=== Record extracts ===

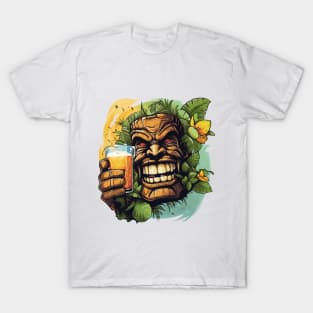 Tiki Statue Holding A Beer T-Shirt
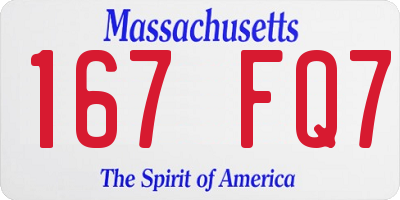 MA license plate 167FQ7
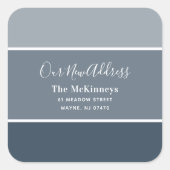 ネイビ絵を描ス見本の新しい住所 スクエアシール (正面)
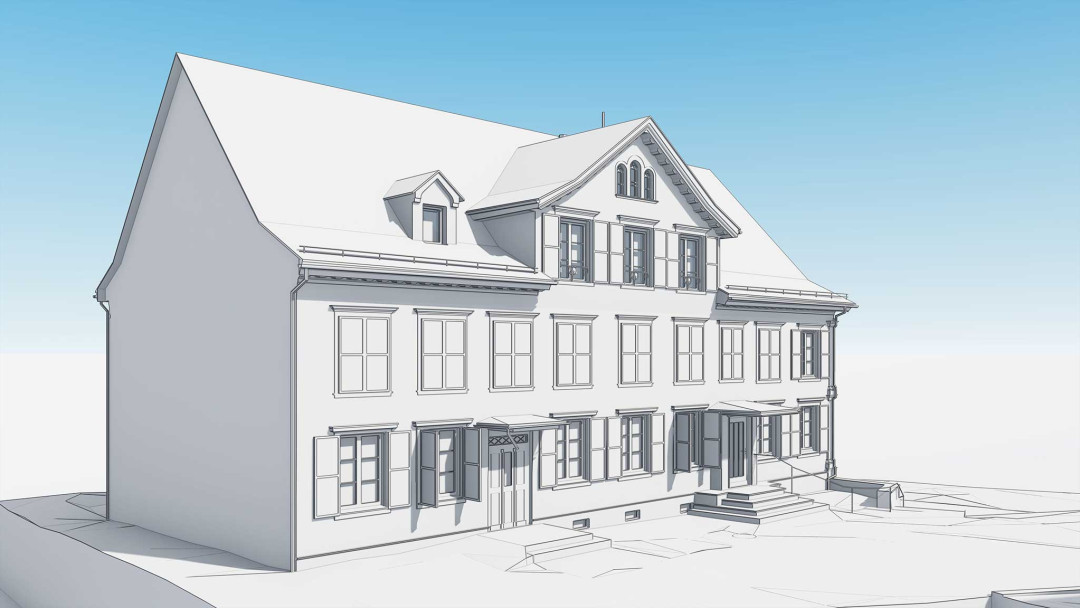 Flawil SG, Strassenraumgestaltung, 3D Laserscanning, Einzelgebäude Seitenansicht, ING PLUS
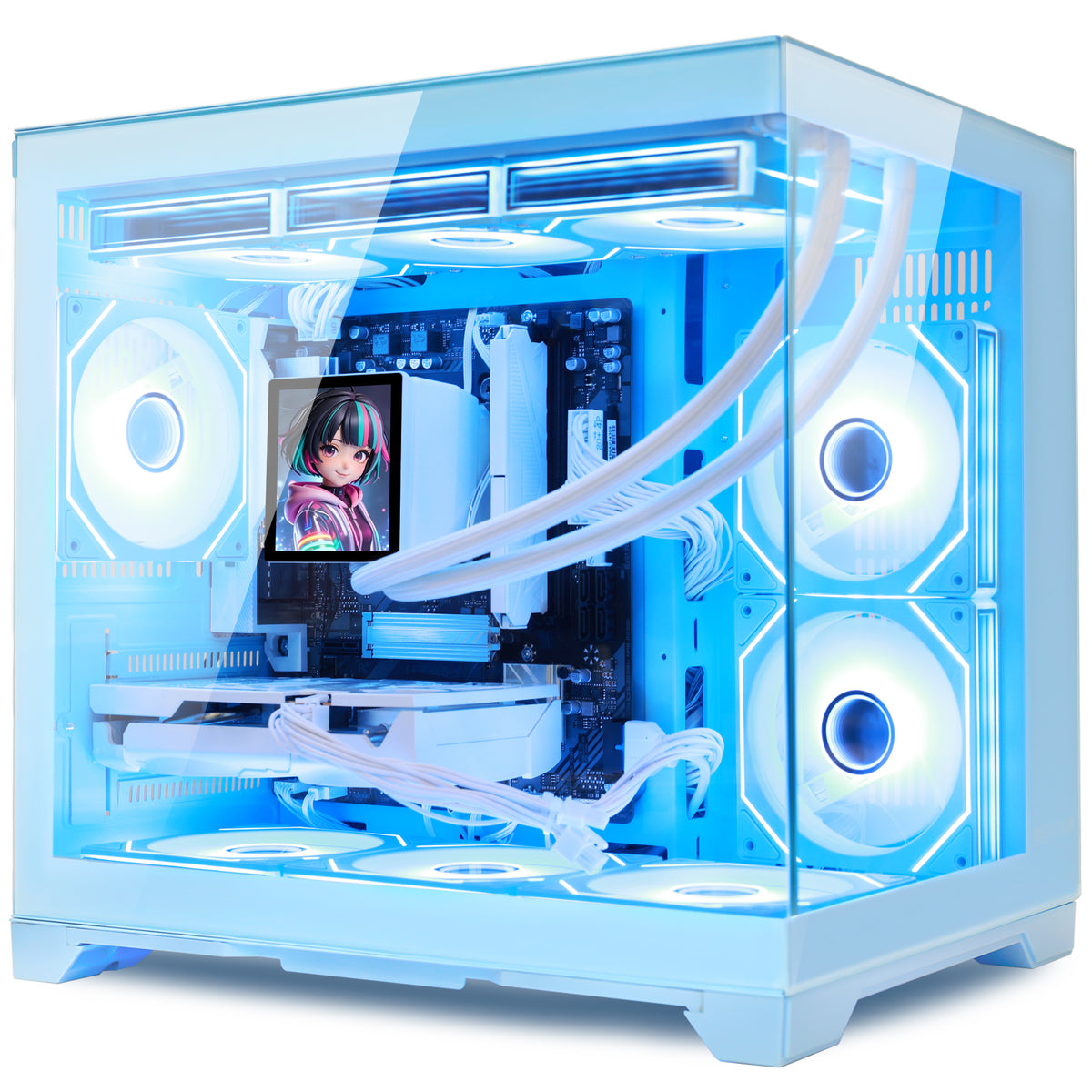 Hoengager Gaming PC RGB Color Front view auto RGB by software blue case Radeon RX 9070 16GB AMD Ryzen 7 9700X Software Control RGB AIO LCD Cooler with Custom Images & GIFs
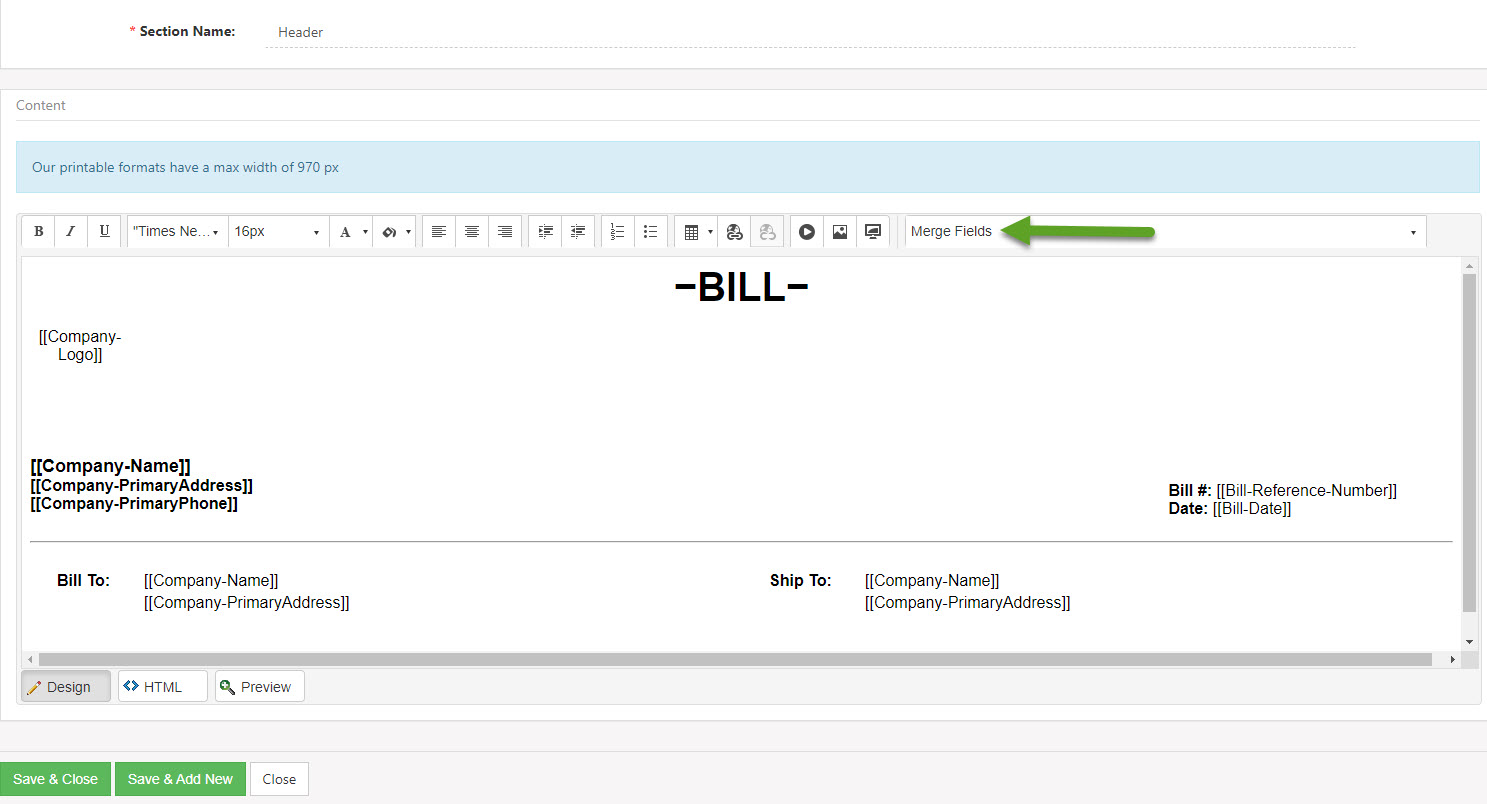 Bill Format Content Section displaying printable format options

===

Beginning at the line that contains "Hoengager Gaming PC" and ending at the last line of the data, return each line exactly; no picture belongs in the copy.

Task result
 Hoengager Gaming PC RGB Color Front view auto RGB by software blue case Radeon RX 9070 16GB AMD Ryzen 7 9700X Software Control RGB AIO LCD Cooler with Custom Images & GIFs
 Bill Format Content Section displaying printable format options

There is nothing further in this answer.